Comment permalink 2 Mark Wilson |
The organisation I work for is currently mid way through writing a new in-house CMS solution for our public web site and converting all our legacy content.

The CMS uses the built in IE HTML editor with the submitted output being filtered through HtmlTidy to fix any invalid XHTML. The .NET wrapped version of HtmlTidy can be found at http://users.rcn.com/creitzel/tidy.html#dotnet

After the content has been tidied we load it into an XML object to do post-filtering of "Office crap" from the HTML then store the result in our CMS database.
Comment permalink 3 kuntek |
Chek this out: FreeTextBox maybe it will help you.
Comment permalink 4 Milan Negovan |
Humberto: thank you for the tip. I love RegEx'es. Not that they are easy to write, but they sure are very powerful.

Mark: that's an interesting approach! Thank you for sharing it.
Comment permalink 5 Milan Negovan |
Kuntek: my fear with rich edit controls of this kind is that they all produce bad markup. Even the sample two lines they've got up there have font tags. I wish XStandard wans't an ActiveX control.
Comment permalink 6 Frank Zehelein |
You can look at this site:
http://photomatt.net/scripts/

There are two php-scripts in you can look at.

I think it is rather tricky to throw out all of words-syntax and special chars like the long dash or Quotation marks and that.

I am really interested in your solution!
Comment permalink 7 Vlad Alexander |
XStandard for Mozilla/Firefox will be out shortly. Sign-up if you want to be notified when it is released or you want to beta test it.
Comment permalink 8 Scott |
Have you seen this: http://www.interactivetools.com/products/htmlarea/

Looks like it produces pretty reasonable mark-up. Not sure if you can really control/stop people from post from work :)

The other thing to look at is SGML reader, which will allow you to convert Html to XML (not really XHTML). From there you can at least warn users they are about to post crap.

-Scott
Comment permalink 9 Milan Negovan |
Vlad: signed up, thanks!

Scott: Yep, a very promising control. But we're back to the deprecated font saga. *sigh* The cleanest one so far has been XStandard. We'll see how it goes when their Mozilla counterpart is out.
Comment permalink 10 Grant |
+1 for Tidy if you're looking for robust validation. Users will find a way to get bad markup into one of the editors (and most of them are focused on the UI, getting xplat and competing for the 1.2% marketshare of which each of them dreams). Use one of the rich editors, let it do what it's going to do and then validate and post-clean it with tidy.

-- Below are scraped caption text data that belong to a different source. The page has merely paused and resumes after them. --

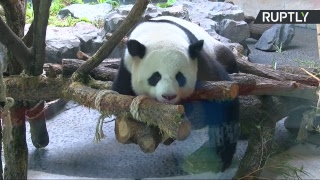 Завтрак с пандами: прямая трансляция из зоопарка Берлина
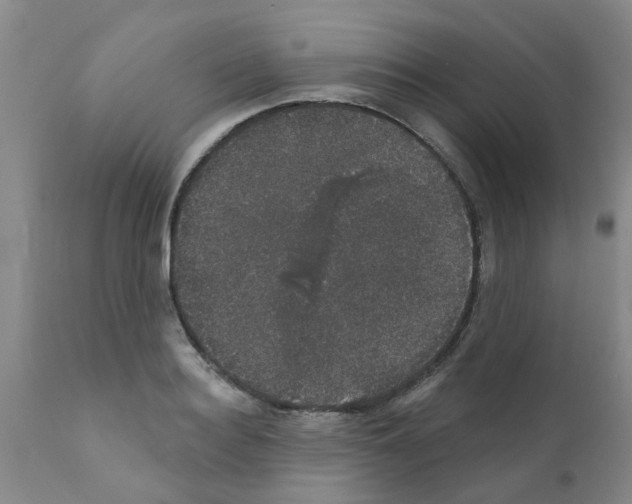 X0000111520940200908251134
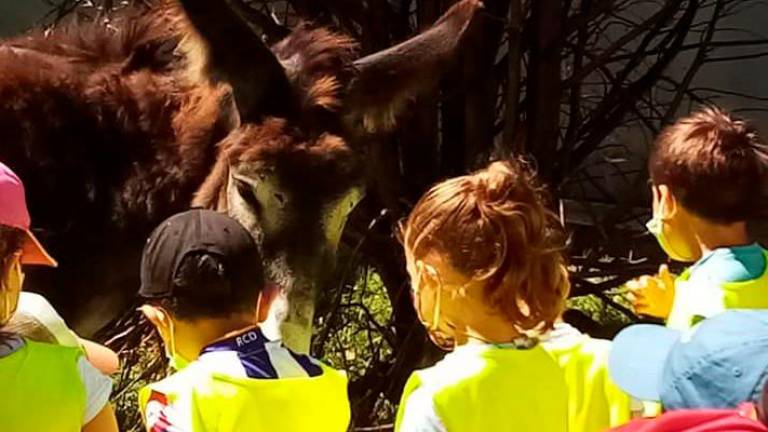 VISITA A MÍCHEL. Os cativos visitaron a Míchel, o burro de Fousas ao Monte. Foto: C.R.
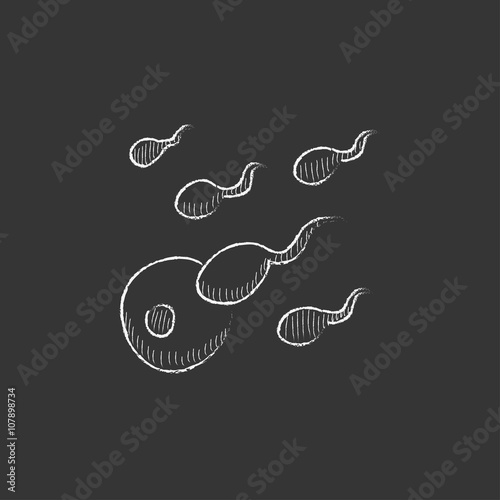 Fertilization. Drawn in chalk icon.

This wrapper below has worked a lot better for me in the past than the COM wrapper on Charles Reitzel's page:

http://sourceforge.net/projects/ntidy/
Comment permalink 11 Vlad Alexander |
Grant, help me out please. I would really like to understand the psychology of developers who use tools that generate bad markup and then use tools to clean that markup. Some developers don't see anything wrong with this and I'd like to understand why. Thanks.
Comment permalink 12 Jeff Perrin |
I use FreeTextBox, with SgmlReader to format the html into xhtml. Works great, I've been using the combination on my own site for several months now, without any problems.
Comment permalink 13 Roger Johansson |
XStandard is very good. I've used it in a couple of projects and it's very solid once you get it up and running. Excellent tech support as well. To my knowledge, our clients haven't been able to enter any invalid markup at all. The only drawback is that it doesn't support all XHTML elements (yet).

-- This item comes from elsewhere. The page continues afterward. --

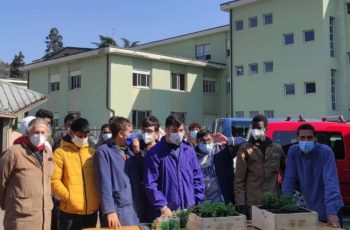 orti in cassetta progetto giro tondo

For a project based on a CMS where XStandard is not an option, I've started writing a bunch of regular expressions to clean up the mess. It won't be bulletproof, but at least I'll catch the most common problems.
Comment permalink 14 Mark Harrison |
telerik r.a.d.editor
superb control / superb support
Comment permalink 15 Grant |
Vlad -

I'd love to help you out, Vlad. Although I can't help what you were asking for since it wasn't what I recommended. (But your inane question is duly noted as well as your likely angle (But congratulations nonetheless. I build enterprise applications on behalf of a number of Fortune 500 companies, and am frequently in the market for solid third-party componentry--consider me alienated and much less likely to eagerly recommend or standardize on your products, nice work!)

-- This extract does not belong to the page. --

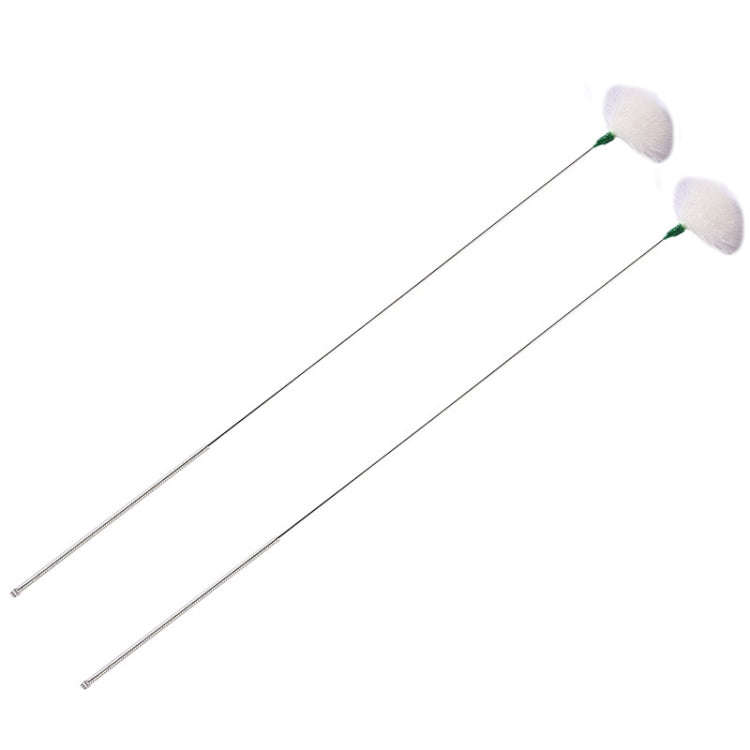 2pcs Medium Heads Silver Needle Goose Quill Stick Ear Picking Tool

I can help you out with your level of comprehension. Take the remedial step of reading my original comment, I didn't recommend using a tool that generates bad markup. I indicated that most tools I've worked with do, in fact, generate undesirable markup, so if you really want to be standards compliant in the real world, you're probably going to have bring in something stronger for cleanup and validation. Ergo, Tidy.

To save you the time of a reply extolling any virtues of your product, be advised I don't consider anything tied to IE or ActiveX to be a viable recommendation, particularly given the standards focus of this site (nor am I in the habit of prematurely recommending unreleased solutions).
Comment permalink 16 Vlad Alexander |
Dude, I have no idea where your hostility towards me is coming from. I asked a fair question related to your own statement "Use one of the rich editors, let it do what it's going to do and then validate and post-clean it with tidy." There were no digs intended - at you or other developers who make the same choice. There was no devious "angle" to my question. I am a software engineer and in those rare moments when I have break from programming I like to interact with other developers to better understand their needs, so we can improve our software and make it more relevant. We've done this in the past and it's led to great improvements in our product.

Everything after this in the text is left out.